__Work to be completed__:
Repeat the data word for word, excluding every picture.

__Provided material__:
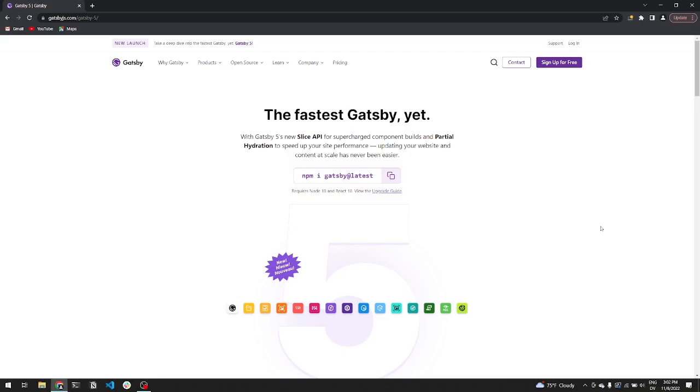The Gatsby 5 upgrade is the easiest we've seen yet. For most sites, it will only consist of upgrading React and Node, followed by running a codemod Gatsby supplies to update your GraphQL query syntax. So let's get into some new features that were shipped in Gatsby 5 and throughout Gatsby 4. Let's get started.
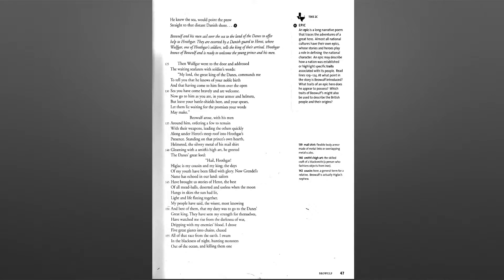Beowulf arose with his men around him, ordering a few to remain with their weapons, leading the others quickly along under Heret's steep roof into Hrothgar's presence.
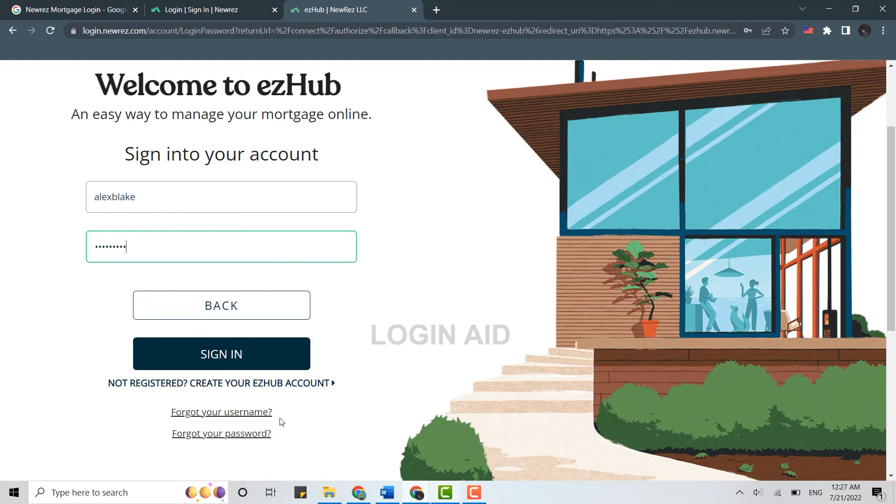And also don't forget to click on the bell icon for notifications and updates. Thank you.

__Response to the task__:
The Gatsby 5 upgrade is the easiest we've seen yet. For most sites, it will only consist of upgrading React and Node, followed by running a codemod Gatsby supplies to update your GraphQL query syntax. So let's get into some new features that were shipped in Gatsby 5 and throughout Gatsby 4. Let's get started.
Beowulf arose with his men around him, ordering a few to remain with their weapons, leading the others quickly along under Heret's steep roof into Hrothgar's presence.
And also don't forget to click on the bell icon for notifications and updates. Thank you.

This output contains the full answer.